ChatGPT is a publicly available web-based chatbot and API interface created by OpenAI. It connects to a large language model (LLM) called GPT (Generative Pre-Trained Transformer). GPT includes some of the largest models ever created. After the model training, there is further fine-tuning to improve its generated responses.
How ChatGPT Works
ChatGPT is part of a new group of LLMs that are now made available by a technology called transformers. Other notable and similar LLMs include BERT used by Google to understand user searches; DALL-E, which can generate images; and GPT-Neo, a promising open-source LLM.
ChatGPT is the packaging of a set of trained LLMs into a chatbot and developer friendly interface. This has created a system where there is low barrier to entry and almost everyone can start using the LLM.
What is the Relation to Internet Search?
ChatGPT is trained by using vast quantities of data from the internet. However, LLMs are different from internet search engines in the following ways:
- No ongoing daily web crawlers and updates.
- Data can be out of date. ChatGPT 3 uses data from 2021.
- The size of the data trained in the model.
- ChatGPT uses a type of fine-tuning called Reinforcement Learning from Human Feedback (RLHF).
- ChatGPT-specific approaches including prompts, embeddings, and parameters such as temperature.
History of ChatGPT
There were several generations of AI technologies that have led up to ChatGPT.
Feed Forward Networks
Artificial Neural Networks (ANNs) are a class of computational functions inspired by how neurons work in the human brain. Neurons are arranged in layers and training occurs by guiding the network to differentiate between correct and incorrect answers. These are called feed-forward networks because signals move forward through the system.
One example of a common ANN is a Convolutional Neural Network (CNN). These are commonly used in image recognition. A convolution can be thought of as a filter applied to the image to make things like edges or specific features stand out.
Recurrent Neural Networks
One limitation of ANNs is that they don’t have the concept of time sequences and the input size is fixed. So for language processing where a sequence of words or a sentence exists, Recurrent Neural Networks (RNNs) were created.
RNNs feed decision results back into the system. So for example, if the sentence “What time is it?” were to be translated, when the word “it” is encountered, the system would already know all about the question.
While RNNs are very useful for language translation, they do not scale well with large amounts of information. Also, computations cannot be done in parallel.
Breakthrough with Transformers
The breakthrough that allowed BERT and ChatGPT-based models is called transformers, introduced in a paper from 2017 entitled “Attention is all you need”. It was presented as a way to build machine translation but to have much faster parallel execution. It also introduced a new concept called Self Attention to further make sense of long language sequences. It creates connections between different parts of the sequence.

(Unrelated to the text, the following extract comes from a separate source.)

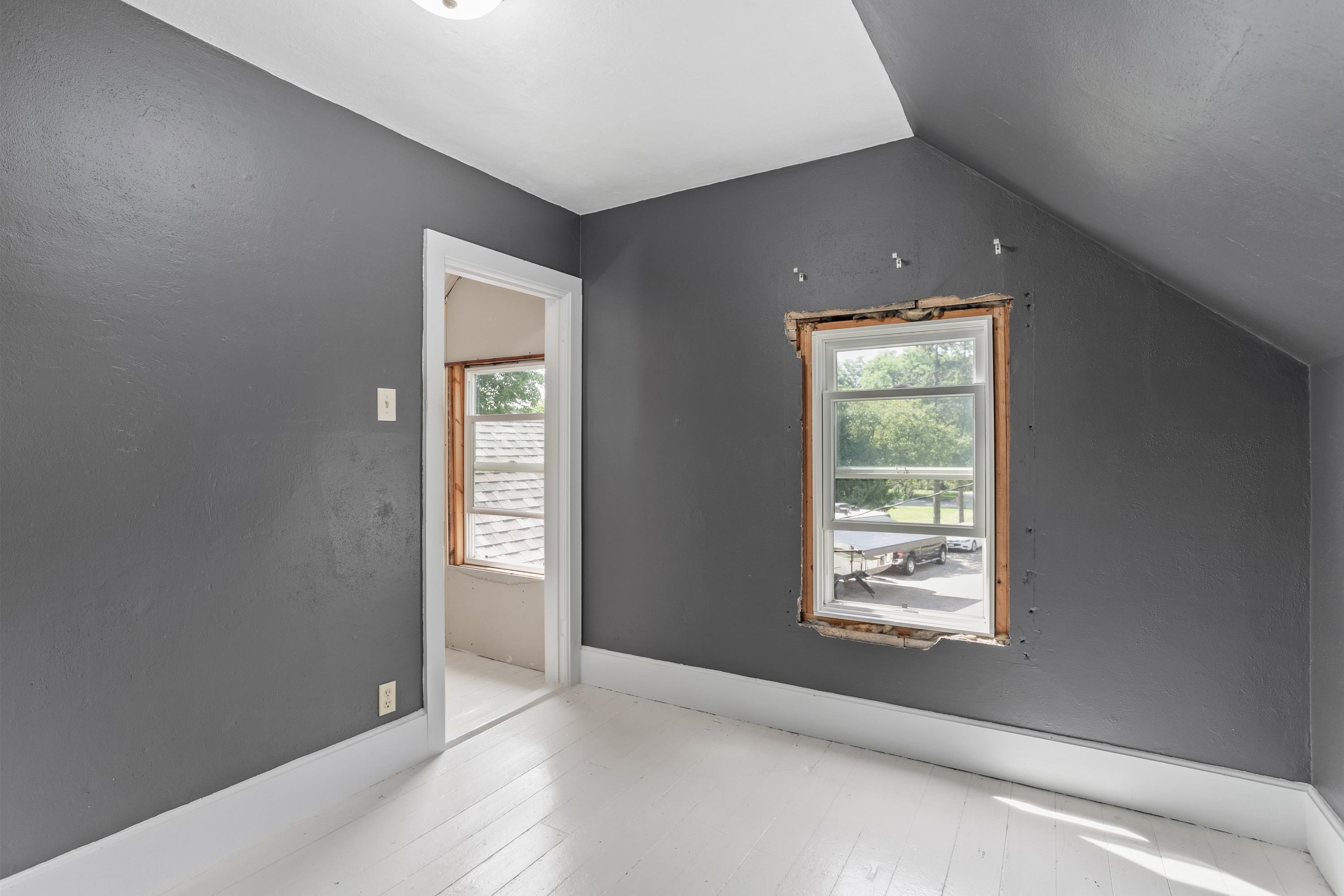 Empty attic room with gray walls, white floors, and exposed framing around a window.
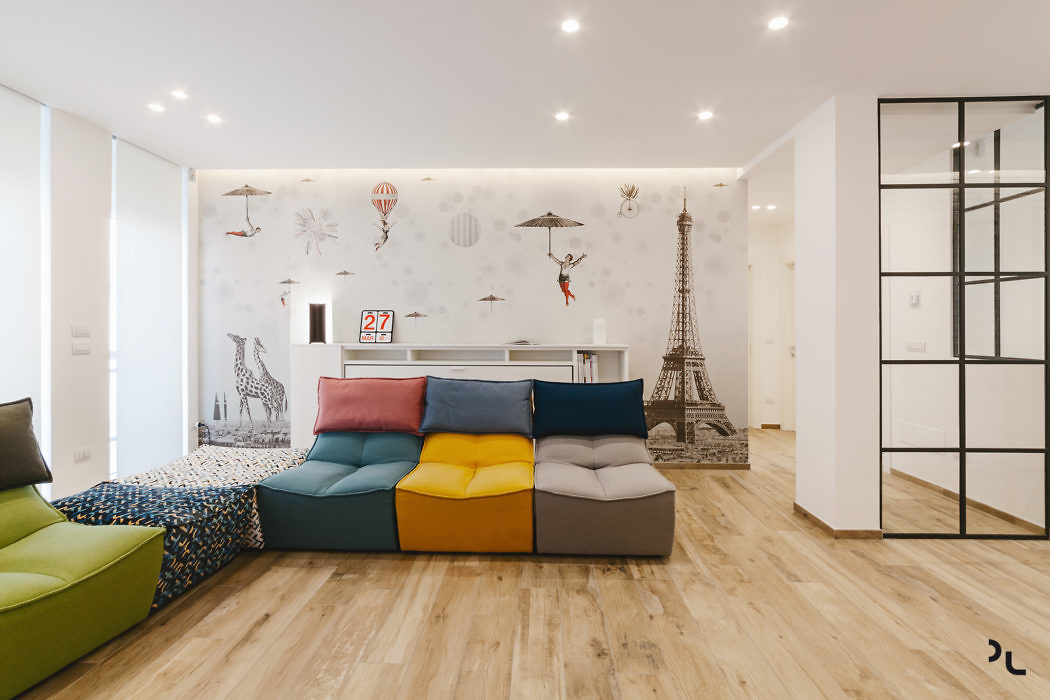 Modern living room with colorful modular sofa and travel-themed wallpaper.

So how does it all work? In the transformer-based model, each word is transformed into a token. As tokens are read as part of an input sentence the model starts predicting what the output should be - similar in concept to sentence completion.
Due to the use of transformers in creating the model, the potential output is not just a prediction of the next word. Because the model is trained with deep understanding and “attention”, whole sentences and groupings of text are generated. The model used by ChatGPT can accept several thousand tokens as input.
Risks and Limitations
Because current LLMs are trained against data sets from some period in the past, they don’t always give accurate information. Also, their correctness is only as good as the data they are trained with. This doesn’t always lead to accurate results.
ChatGPT and LLMs in general often give confident and plausible generated results, but sometimes they are wrong or do not make sense. In AI, these are called hallucinations. With prompt engineering, ChatGPT can be told to not give an answer unless it has high confidence in the results. This can reduce hallucinations but not completely solve the problem.
Using ChatGPT requires the sending of information over the internet. Sending personal or sensitive information presents a possible security risk.
The internet is full of biased negative information. For ChatGPT to be useful, this information needs to be filtered so that it is not produced in responses. OpenAI has identified this as a major concern with ChatGPT and LLMs in general.
ChatGPT was intended to be a demonstration product. Companies around the world are evaluating how to use this new technology. There are usage scenarios that may reduce or replace some work being performed by human beings. These include:
- Processing and summarizing text
- Filtering human-generated content
- Creating advanced chatbots
- Writing code
- Customer service and support
- Generating styled documents (i.e. resumes, proposals, emails)
- Much more!
Costs to train a LLM can be in the millions of dollars - so training frequently may hit commercial challenges. After training, each inference or transaction costs some amount of money and computing power.
New Areas of Tech
ChatGPT Prompt Engineering, Embeddings, and Fine tuning are necessary in using new LLM technology. There are predictions that some types of coding may change as these technologies continue to develop, however, work in the assessment and refinement of new programming approaches is just beginning.